18 Poder sobre el cuerpo místico mediante la predicación

   Pero el sacerdote católico es, además, ministro de Cristo y dispensador de los misterios de Dios(36) con la palabra, con aquel ministerio de la palabra(37) que es un derecho inalienable y a la vez un deber imprescindible, a él impuesto por el mismo Cristo Nuestro Señor: «Id, pues, y amaestrad todas las gentes... enseñándoles a guardar cuantas cosas os he mandado»(38). La Iglesia de Cristo, depositaria y guarda infalible de la divina revelación, derrama por medio de sus sacerdotes los tesoros de la verdad celestial, predicando a Aquel que es «luz verdadera que alumbra a todo hombre que viene a este mundo»(39), esparciendo con divina profusión aquella semilla, pequeña y despreciable a la mirada profana del mundo, pero que, como el grano de mostaza del Evangelio(40), tiene en sí la virtud de echar raíces sólidas y profundas en las almas sinceras y sedientas de verdad, y hacerlas como árboles, firmes y robustos, que resistan a los más recios vendavales.

19. El faro de luz y de verdad, sostén de los débiles y consuelo de los afligidos

   En medio de las aberraciones del pensamiento humano, ebrio por una falsa libertad exenta de toda ley y freno; en medio de la espantosa corrupción, fruto de la malicia humana, se yergue cual faro luminoso la Iglesia, que condena toda desviación a la diestra o a la siniestra de la verdad, que indica a todos y a cada uno el camino que deben seguir. Y ¡ay si aun este faro, no digamos se extinguiese, lo cual es imposible por las promesas infalibles sobre que está cimentado, pero si se le impidiera difundir profusamente sus benéficos rayos! 

   Bien vemos con nuestros propios ojos a dónde ha conducido al mundo el haber rechazado, en su soberbia, la revelación divina y el haber seguido, aunque sea bajo el especioso nombre de ciencia, falsas teorías filosóficas y morales. Y si, puestos en la pendiente del error y del vicio, no hemos llegado todavía a más hondo abismo, se debe a los rayos de la verdad cristiana que, a pesar de todo, no dejan de seguir difundidos por el mundo. Ahora bien: la Iglesia ejercita su ministerio de la palabra por medio de los sacerdotes, distribuidos convenientemente por los diversos grados de la jerarquía sagrada, a quienes envía por todas partes como pregoneros infatigables de la buena nueva, única que puede conservar, o implantar, o hacer resurgir la verdadera civilización.
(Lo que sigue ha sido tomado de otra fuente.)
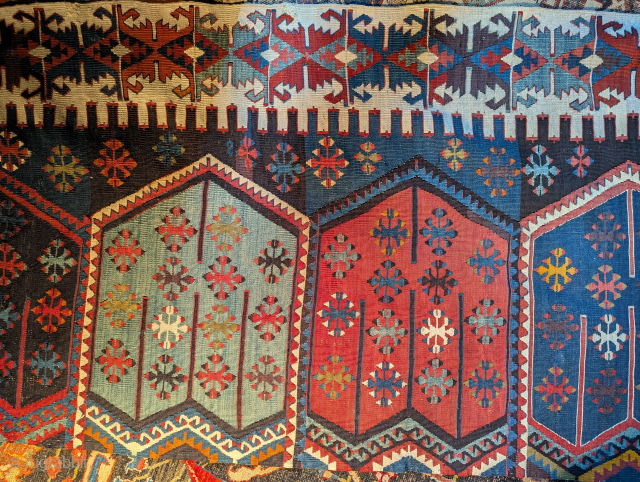 Anatolian kelim half 90x350cm,
Good condition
   La palabra del sacerdote penetra en las almas y les infunde luz y aliento; la palabra del sacerdote, aun en medio del torbellino de las pasiones, se levanta serena y anuncia impávida la verdad e inculca el bien: aquella verdad que esclarece y resuelve los más graves problemas de la vida humana; aquel bien que ninguna desgracia, ni aun la misma muerte, puede arrebatarnos, antes bien, la muerte nos lo asegura para siempre.